TEXAS, USA — A strong jet stream is bringing a large cloud of dry dust from the Sahara Desert across the Atlantic Ocean. The dust cloud is expected to arrive in Southeast, South and Central Texas next week.
Sinus sufferers know the dust is pretty common for early summer. Most people feel it before they see it. The dust can make for some hazy sunsets and you may see it on your vehicle, but if you're sensitive to the dust you could experience itchy eyes, nose and throat.
The dust isn't a bad thing, and in fact it typically signals quiet conditions in the tropics. This same jet stream that causes these dust outbreaks is responsible for the tropical waves we track throughout hurricane season.

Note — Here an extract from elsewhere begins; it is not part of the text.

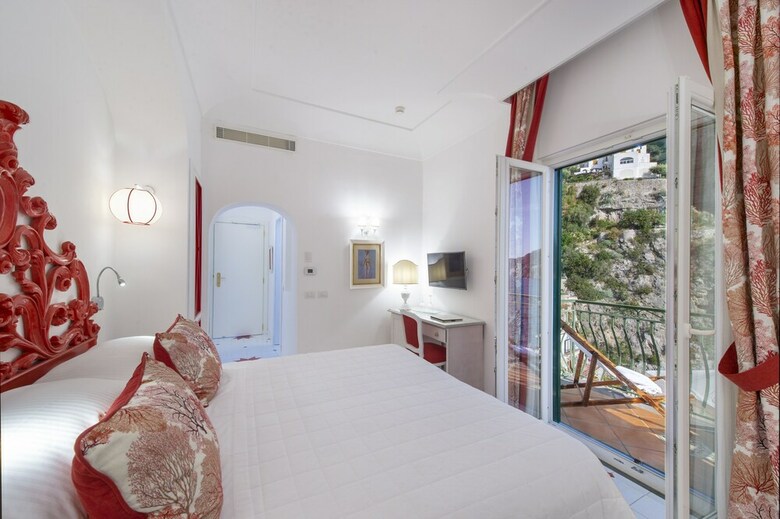 Hotel Onda Verde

By August and the peak of hurricane season the dust usually settles and the tropics turn more active as these tropical waves continue to move out of Africa and into the Atlantic. For now though the tropics remain quiet.

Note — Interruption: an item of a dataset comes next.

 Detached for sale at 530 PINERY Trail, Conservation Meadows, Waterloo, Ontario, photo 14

TUESDAY-THURSDAY: Currently the jet stream has picked up the dust and is carrying it off of the African coast and over the Atlantic. By Thursday, thick clouds of the dust will begin making its long journey to the U.S.
SUNDAY: It doesn't take long for the jet stream to do its job. By Sunday, the dust will stretch from African toward the Caribbean Sea and even norther parts of Venezuela and Central American.
JUNE 25: Next Thursday, nearly a week after it really begins pushing across the Atlantic, the Saharan dust is forecast to make its way into Southeast Texas. You can see in the image (above) the dark blues and greens. The green is the thicker dust.